Despite another putrid year of earnings and sales at Supervalu, the three chief executive officers who have led the troubled Eden Prairie, MN retailer/wholesaler received a combined $12.68 million in compensation according to recent Security and Exchange Commission (SEC) filings.
Former CEO Craig Herkert, who was fired last July from Supervalu after slightly more than three years at the helm, was paid $4.69 million in fiscal 2012, up 23 percent from the previous year. That included $375,000 in base salary and an additional $1.39 million in stock and option awards. The majority of Herkert’s compensation, $2.75 million, was paid as severance.
After Herkert’s departure, non-executive chairman Wayne Sales stepped in as CEO (Sales was responsible for bringing Herkert on board in 2009). For his nine-month tour, Sales was paid $5.28 million, which included a bonus of $1.63 million, stock awards of $2.74 million, and a base salary of $865,000. Sales also was also scheduled to receive as much as $12.8 million as a “golden parachute.”

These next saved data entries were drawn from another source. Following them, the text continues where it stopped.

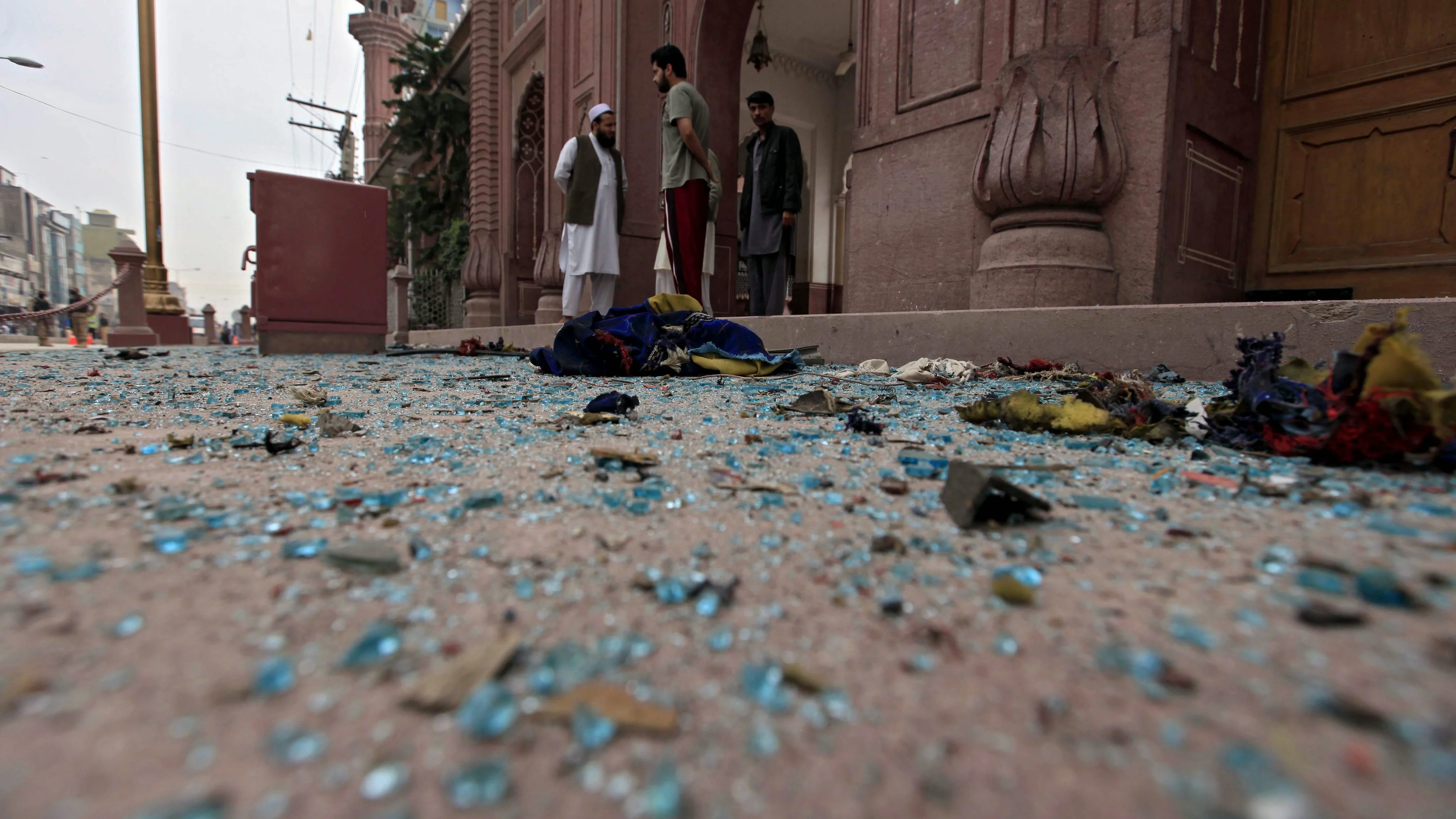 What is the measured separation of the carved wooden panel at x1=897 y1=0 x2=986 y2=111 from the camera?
4.26m

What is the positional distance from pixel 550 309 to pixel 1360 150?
8.00m

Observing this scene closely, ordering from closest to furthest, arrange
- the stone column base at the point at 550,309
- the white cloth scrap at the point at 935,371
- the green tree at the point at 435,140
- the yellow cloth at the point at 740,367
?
the white cloth scrap at the point at 935,371
the yellow cloth at the point at 740,367
the stone column base at the point at 550,309
the green tree at the point at 435,140

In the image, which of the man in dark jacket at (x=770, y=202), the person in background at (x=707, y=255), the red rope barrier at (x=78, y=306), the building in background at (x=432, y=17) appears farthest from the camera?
the building in background at (x=432, y=17)

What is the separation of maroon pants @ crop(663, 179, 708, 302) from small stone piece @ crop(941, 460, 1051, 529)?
410 centimetres

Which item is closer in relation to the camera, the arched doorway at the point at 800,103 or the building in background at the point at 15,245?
the arched doorway at the point at 800,103

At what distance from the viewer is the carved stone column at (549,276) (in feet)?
28.5

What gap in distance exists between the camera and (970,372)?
304 cm

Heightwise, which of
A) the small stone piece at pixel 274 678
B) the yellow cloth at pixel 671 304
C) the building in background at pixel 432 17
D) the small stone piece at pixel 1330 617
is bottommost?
the small stone piece at pixel 274 678

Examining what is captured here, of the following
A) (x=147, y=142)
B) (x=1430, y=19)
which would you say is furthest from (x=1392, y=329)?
(x=147, y=142)

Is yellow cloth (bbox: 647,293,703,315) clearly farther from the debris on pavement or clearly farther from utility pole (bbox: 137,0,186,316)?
utility pole (bbox: 137,0,186,316)

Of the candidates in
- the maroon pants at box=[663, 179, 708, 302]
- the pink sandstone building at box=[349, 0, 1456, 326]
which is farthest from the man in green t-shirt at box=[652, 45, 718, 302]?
the pink sandstone building at box=[349, 0, 1456, 326]

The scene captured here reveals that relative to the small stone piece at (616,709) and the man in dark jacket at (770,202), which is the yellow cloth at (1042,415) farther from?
the man in dark jacket at (770,202)

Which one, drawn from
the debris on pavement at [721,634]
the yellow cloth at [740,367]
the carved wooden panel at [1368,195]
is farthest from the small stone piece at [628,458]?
the carved wooden panel at [1368,195]

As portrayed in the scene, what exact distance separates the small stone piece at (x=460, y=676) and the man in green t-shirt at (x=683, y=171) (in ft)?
15.2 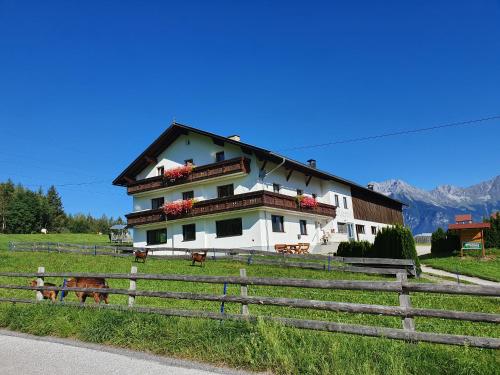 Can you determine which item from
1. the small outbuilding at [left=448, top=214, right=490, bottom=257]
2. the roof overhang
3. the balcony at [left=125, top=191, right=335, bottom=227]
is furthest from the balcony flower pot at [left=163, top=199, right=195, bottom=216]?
the small outbuilding at [left=448, top=214, right=490, bottom=257]

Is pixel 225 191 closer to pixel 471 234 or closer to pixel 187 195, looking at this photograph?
pixel 187 195

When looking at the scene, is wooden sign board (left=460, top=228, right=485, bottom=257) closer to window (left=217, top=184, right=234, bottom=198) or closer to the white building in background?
the white building in background

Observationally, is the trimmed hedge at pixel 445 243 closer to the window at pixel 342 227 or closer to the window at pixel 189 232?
the window at pixel 342 227

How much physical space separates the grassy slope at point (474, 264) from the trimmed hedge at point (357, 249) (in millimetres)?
4668

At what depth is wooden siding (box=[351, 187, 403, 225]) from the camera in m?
46.2

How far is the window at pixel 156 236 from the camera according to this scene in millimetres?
37031

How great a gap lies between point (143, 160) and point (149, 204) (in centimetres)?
431

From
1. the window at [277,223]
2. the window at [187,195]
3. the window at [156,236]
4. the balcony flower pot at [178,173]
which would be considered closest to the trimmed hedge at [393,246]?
the window at [277,223]

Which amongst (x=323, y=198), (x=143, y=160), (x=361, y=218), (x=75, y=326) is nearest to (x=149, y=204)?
(x=143, y=160)

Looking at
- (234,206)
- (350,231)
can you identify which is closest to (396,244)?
(234,206)

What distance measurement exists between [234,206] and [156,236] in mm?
10093

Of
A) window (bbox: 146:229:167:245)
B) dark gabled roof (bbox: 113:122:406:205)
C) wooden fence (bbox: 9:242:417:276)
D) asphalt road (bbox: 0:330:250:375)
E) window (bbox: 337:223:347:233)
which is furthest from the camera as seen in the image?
window (bbox: 337:223:347:233)

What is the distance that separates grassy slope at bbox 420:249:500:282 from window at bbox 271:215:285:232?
1146cm

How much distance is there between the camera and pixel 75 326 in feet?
28.4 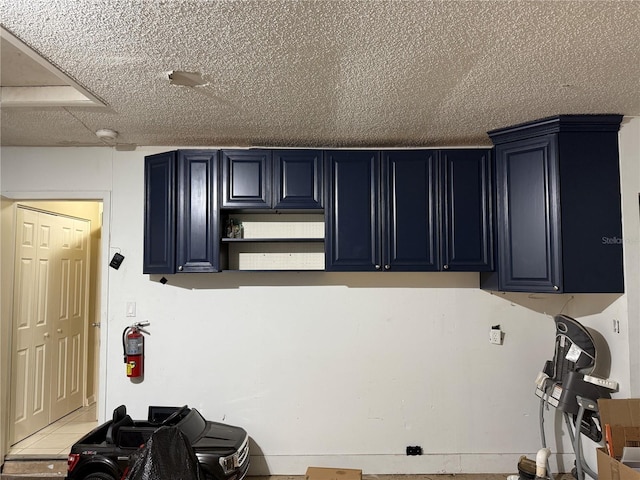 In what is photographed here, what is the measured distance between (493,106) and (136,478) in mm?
2884

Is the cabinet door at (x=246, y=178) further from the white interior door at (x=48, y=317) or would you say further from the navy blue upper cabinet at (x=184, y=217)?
the white interior door at (x=48, y=317)

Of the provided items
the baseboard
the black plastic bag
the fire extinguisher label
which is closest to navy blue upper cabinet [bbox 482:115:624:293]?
the baseboard

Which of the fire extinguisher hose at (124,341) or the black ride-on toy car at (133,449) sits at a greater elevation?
the fire extinguisher hose at (124,341)

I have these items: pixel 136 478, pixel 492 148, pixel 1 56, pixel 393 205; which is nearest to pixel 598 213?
pixel 492 148

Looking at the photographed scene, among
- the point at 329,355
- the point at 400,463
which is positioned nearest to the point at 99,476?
the point at 329,355

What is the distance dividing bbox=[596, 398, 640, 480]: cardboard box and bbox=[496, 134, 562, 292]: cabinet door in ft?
2.45

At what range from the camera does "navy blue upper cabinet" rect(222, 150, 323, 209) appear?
3.04m

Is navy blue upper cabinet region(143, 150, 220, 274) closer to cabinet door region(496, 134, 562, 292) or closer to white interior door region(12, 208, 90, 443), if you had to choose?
white interior door region(12, 208, 90, 443)

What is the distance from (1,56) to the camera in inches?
79.2

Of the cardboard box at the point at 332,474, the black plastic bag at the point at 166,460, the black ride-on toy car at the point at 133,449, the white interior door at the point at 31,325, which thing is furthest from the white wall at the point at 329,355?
the black plastic bag at the point at 166,460

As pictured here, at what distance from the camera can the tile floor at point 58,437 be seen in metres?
3.30

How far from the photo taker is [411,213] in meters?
3.03

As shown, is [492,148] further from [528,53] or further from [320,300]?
[320,300]

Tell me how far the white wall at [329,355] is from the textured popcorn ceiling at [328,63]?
110 centimetres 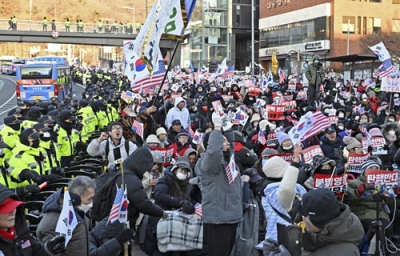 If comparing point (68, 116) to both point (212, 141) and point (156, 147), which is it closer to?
point (156, 147)

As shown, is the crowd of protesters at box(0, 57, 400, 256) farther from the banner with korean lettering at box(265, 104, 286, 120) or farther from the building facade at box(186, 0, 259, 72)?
the building facade at box(186, 0, 259, 72)

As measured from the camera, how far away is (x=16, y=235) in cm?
427

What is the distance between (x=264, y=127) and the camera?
12805mm

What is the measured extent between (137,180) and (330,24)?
64.8 metres

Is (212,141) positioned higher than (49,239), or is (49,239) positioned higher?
(212,141)

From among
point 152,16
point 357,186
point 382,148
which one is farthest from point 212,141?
point 152,16

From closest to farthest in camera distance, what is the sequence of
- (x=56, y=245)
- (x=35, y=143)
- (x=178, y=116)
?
(x=56, y=245), (x=35, y=143), (x=178, y=116)

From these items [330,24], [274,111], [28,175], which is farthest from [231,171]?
[330,24]

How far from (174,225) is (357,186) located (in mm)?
2143

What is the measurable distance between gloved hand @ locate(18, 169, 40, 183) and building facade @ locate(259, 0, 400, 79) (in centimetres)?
5690

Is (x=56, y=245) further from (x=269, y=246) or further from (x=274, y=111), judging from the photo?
(x=274, y=111)

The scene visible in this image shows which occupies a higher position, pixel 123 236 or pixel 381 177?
pixel 381 177

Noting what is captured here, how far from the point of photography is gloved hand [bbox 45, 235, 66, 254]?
14.6 ft

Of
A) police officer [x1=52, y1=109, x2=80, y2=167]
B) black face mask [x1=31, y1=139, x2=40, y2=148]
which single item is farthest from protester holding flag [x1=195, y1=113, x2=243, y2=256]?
police officer [x1=52, y1=109, x2=80, y2=167] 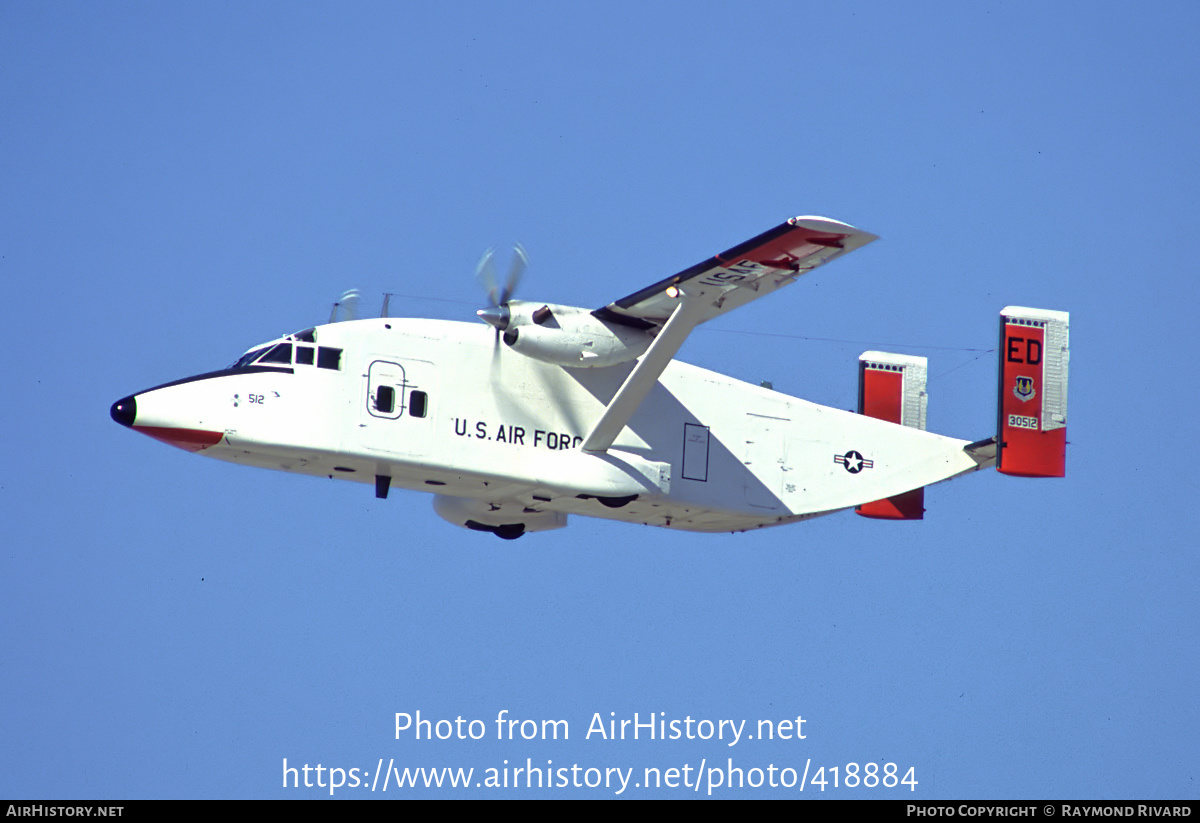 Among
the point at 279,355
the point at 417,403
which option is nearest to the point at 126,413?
the point at 279,355

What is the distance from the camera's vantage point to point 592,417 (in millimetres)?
18109

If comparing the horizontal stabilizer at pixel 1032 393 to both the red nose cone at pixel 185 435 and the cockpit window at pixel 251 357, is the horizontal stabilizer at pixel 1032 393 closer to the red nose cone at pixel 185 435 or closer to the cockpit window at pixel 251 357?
the cockpit window at pixel 251 357

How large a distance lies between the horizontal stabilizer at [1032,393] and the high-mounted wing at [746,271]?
3388mm

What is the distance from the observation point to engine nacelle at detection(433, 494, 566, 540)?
1889 centimetres

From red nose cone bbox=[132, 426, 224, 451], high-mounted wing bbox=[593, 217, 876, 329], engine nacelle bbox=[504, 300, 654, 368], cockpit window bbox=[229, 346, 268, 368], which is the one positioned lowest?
red nose cone bbox=[132, 426, 224, 451]

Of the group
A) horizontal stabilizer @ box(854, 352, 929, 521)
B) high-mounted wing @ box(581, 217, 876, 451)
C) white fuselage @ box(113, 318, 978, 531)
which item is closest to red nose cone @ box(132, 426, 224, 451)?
white fuselage @ box(113, 318, 978, 531)

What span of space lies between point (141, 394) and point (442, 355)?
3097 millimetres

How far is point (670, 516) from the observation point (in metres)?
18.8

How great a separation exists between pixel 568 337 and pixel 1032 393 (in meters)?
5.53

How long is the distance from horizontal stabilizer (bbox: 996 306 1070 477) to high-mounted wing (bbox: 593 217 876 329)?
133 inches

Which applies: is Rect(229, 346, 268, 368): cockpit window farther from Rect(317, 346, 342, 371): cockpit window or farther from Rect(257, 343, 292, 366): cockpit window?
Rect(317, 346, 342, 371): cockpit window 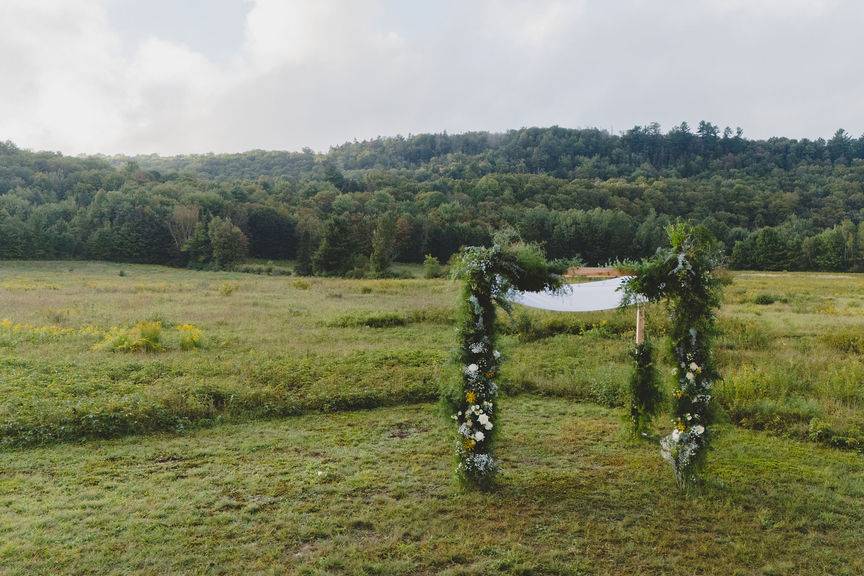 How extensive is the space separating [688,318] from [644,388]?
7.93ft

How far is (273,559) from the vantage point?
6363mm

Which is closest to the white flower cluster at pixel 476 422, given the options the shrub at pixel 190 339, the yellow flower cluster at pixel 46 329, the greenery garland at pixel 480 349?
the greenery garland at pixel 480 349

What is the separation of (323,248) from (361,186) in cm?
5020

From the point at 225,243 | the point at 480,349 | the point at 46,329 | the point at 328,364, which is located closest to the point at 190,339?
the point at 328,364

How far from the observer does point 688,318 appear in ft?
26.7

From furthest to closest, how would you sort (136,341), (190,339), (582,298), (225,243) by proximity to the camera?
(225,243)
(190,339)
(136,341)
(582,298)

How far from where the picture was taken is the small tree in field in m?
59.0

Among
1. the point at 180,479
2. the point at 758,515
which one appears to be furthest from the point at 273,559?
the point at 758,515

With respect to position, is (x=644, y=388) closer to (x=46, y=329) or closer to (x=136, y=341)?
(x=136, y=341)

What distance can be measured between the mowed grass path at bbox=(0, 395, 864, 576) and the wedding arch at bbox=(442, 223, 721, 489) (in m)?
0.68

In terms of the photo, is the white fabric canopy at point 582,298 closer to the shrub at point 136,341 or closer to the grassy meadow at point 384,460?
the grassy meadow at point 384,460

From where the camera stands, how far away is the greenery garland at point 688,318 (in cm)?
793

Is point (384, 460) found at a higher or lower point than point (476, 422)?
lower

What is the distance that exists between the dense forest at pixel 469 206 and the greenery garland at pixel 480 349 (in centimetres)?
4542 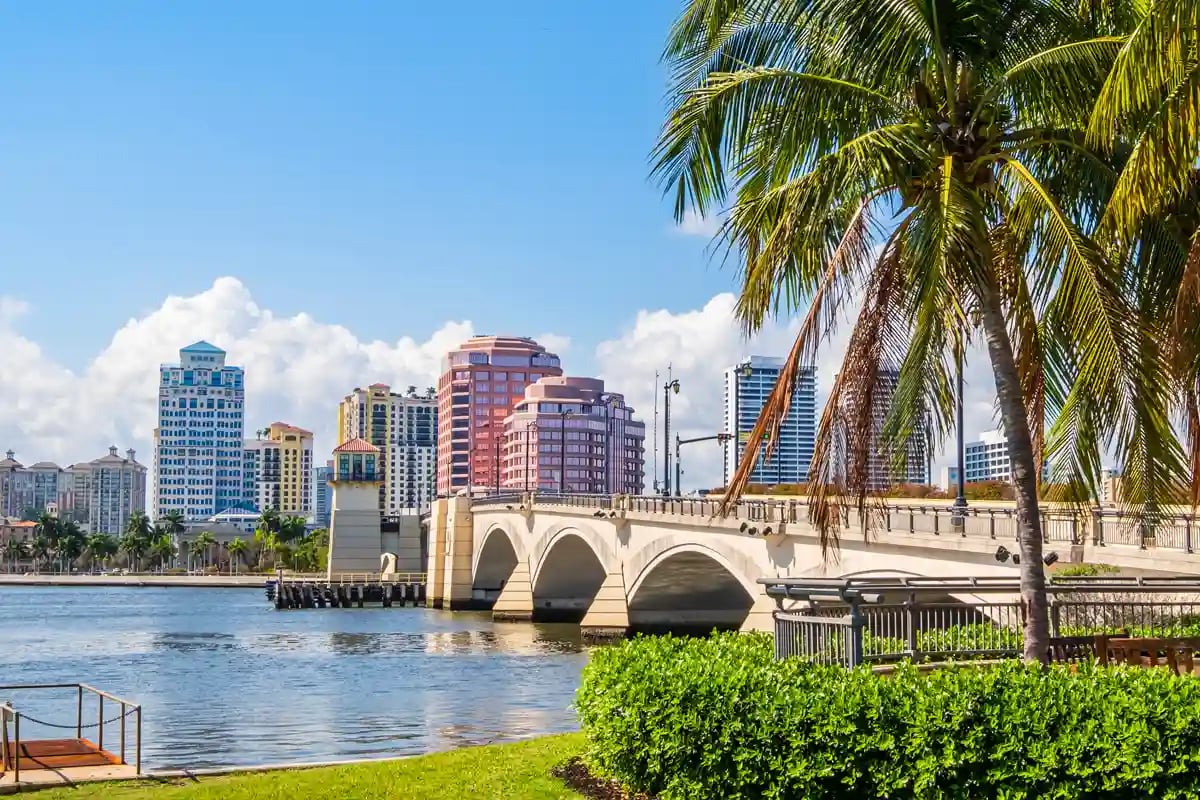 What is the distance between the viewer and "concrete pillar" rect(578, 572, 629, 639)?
67.1 meters

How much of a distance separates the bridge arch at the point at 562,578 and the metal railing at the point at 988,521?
78.5ft

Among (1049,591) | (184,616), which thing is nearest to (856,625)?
(1049,591)

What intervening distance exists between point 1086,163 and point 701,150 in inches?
170

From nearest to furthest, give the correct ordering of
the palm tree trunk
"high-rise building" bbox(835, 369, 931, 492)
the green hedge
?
the green hedge, the palm tree trunk, "high-rise building" bbox(835, 369, 931, 492)

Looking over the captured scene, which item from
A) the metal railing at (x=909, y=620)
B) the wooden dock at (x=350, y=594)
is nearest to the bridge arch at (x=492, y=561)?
the wooden dock at (x=350, y=594)

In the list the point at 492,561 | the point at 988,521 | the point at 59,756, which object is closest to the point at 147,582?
the point at 492,561

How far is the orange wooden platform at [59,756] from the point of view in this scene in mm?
19078

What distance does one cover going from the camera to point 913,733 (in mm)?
12398

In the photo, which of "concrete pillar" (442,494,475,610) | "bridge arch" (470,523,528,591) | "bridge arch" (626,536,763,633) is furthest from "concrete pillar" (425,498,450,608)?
"bridge arch" (626,536,763,633)

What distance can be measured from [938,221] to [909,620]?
7476mm

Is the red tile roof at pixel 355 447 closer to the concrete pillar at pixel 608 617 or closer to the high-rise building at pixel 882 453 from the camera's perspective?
the concrete pillar at pixel 608 617

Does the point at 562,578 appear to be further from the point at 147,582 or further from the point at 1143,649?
the point at 147,582

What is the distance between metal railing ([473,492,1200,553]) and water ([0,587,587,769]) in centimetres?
903

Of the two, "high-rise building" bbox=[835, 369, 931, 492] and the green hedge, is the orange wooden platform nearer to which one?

While Sales “earned” an exorbitant amount in his brief tenure, he (and financial advisors Goldman, Sachs and Greenhill & Co.) did find a buyer for Supervalu (Cerberus Capital Management). Prior to the March 21 closing of the deal, Sam Duncan was hired first as a consultant, and then as CEO of Supervalu in February. Duncan’s compensation in fiscal 2012 was $2.71 million (a $500,000 bonus and $2.1 million in option awards).
Contrasting to the large financial packages offered to the three CEOs and other current and former senior executives, Supervalu has aggressively sought to cut personnel and restrict other benefits.